• **Recorded data**:
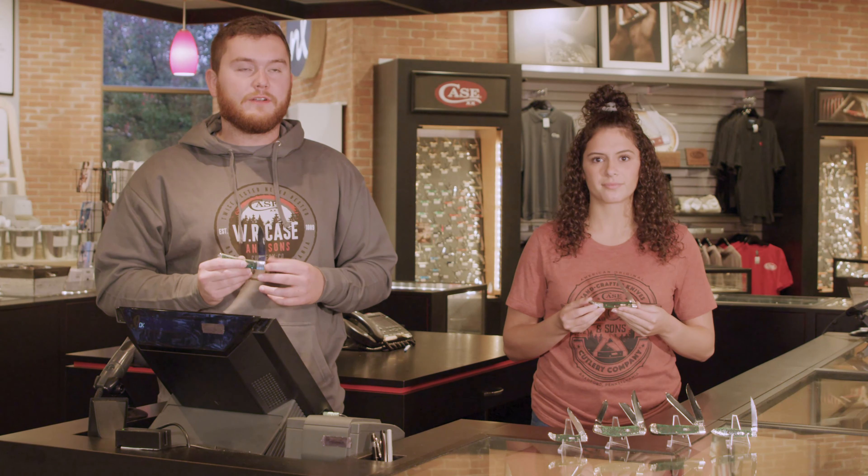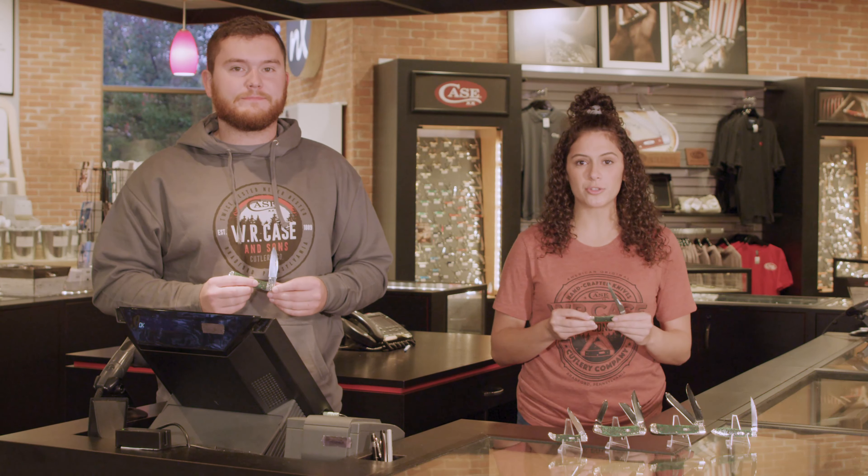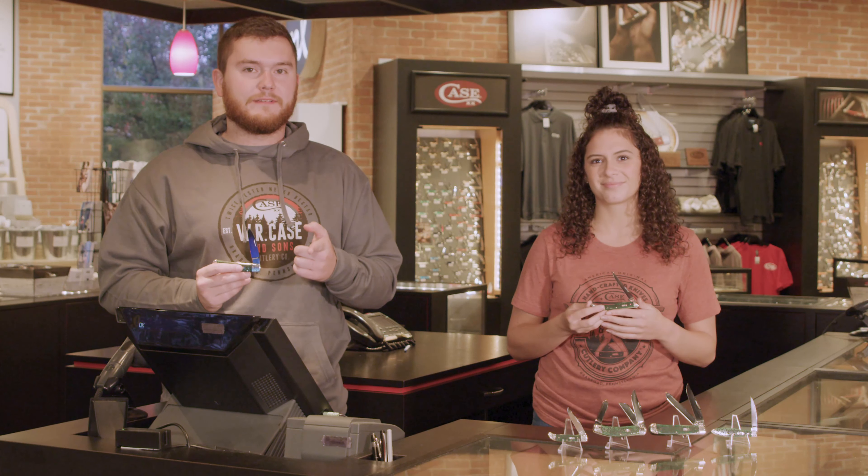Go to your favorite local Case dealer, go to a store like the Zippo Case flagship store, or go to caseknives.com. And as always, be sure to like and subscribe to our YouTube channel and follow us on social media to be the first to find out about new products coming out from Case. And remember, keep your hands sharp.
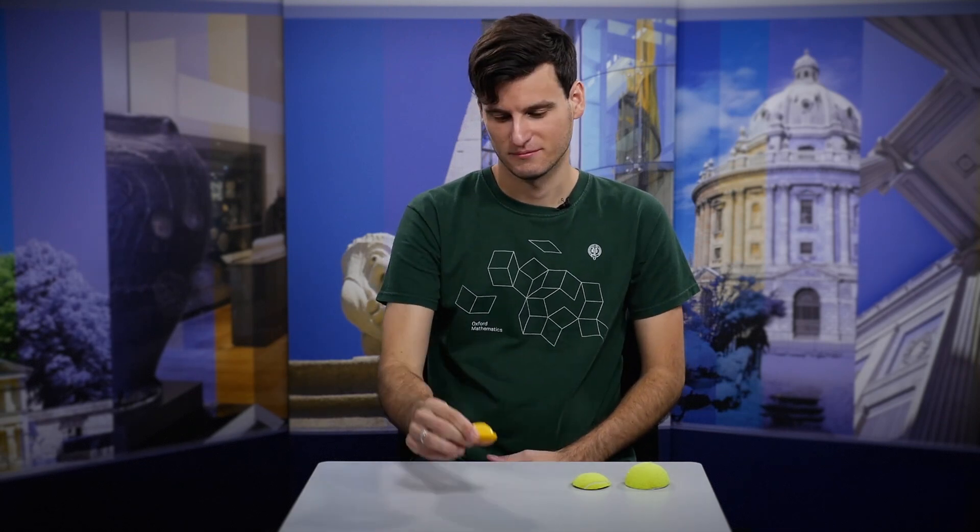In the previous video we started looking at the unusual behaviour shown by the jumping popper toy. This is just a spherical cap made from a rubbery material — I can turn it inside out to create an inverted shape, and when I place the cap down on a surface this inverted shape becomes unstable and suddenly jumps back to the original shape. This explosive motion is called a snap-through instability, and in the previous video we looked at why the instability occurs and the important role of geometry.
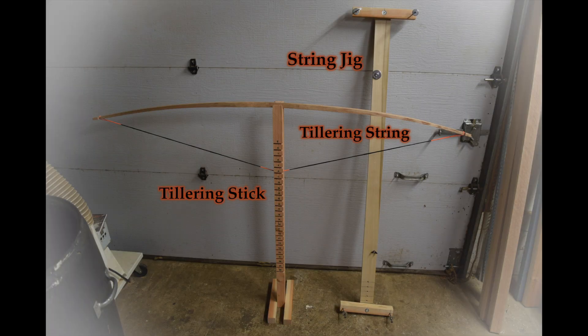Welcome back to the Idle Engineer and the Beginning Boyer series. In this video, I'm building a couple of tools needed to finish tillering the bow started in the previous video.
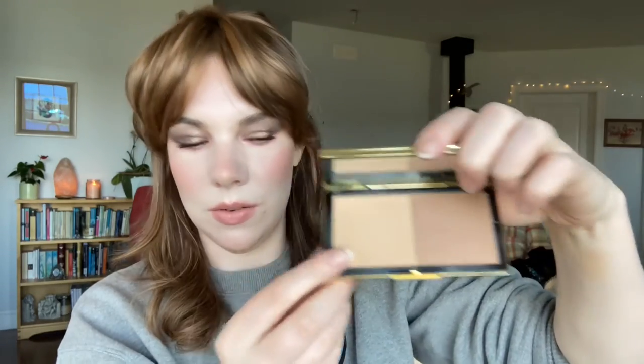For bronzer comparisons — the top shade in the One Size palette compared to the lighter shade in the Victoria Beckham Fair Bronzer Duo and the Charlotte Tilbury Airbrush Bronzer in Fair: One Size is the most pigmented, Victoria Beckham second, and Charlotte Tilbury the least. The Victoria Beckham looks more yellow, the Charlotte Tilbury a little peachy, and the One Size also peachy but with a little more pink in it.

==

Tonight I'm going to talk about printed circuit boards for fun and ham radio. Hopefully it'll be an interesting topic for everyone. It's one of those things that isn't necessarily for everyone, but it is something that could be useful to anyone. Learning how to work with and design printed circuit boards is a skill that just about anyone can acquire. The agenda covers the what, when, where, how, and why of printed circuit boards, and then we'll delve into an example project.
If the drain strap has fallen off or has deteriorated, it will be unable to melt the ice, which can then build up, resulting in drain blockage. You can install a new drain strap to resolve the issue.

• **What needs to be done**: Reproduce exactly the lines above from the line with "Tonight I'm going" to the line with "If the drain", including both, and add nothing.

• **Output for this exercise**:
Tonight I'm going to talk about printed circuit boards for fun and ham radio. Hopefully it'll be an interesting topic for everyone. It's one of those things that isn't necessarily for everyone, but it is something that could be useful to anyone. Learning how to work with and design printed circuit boards is a skill that just about anyone can acquire. The agenda covers the what, when, where, how, and why of printed circuit boards, and then we'll delve into an example project.
If the drain strap has fallen off or has deteriorated, it will be unable to melt the ice, which can then build up, resulting in drain blockage. You can install a new drain strap to resolve the issue.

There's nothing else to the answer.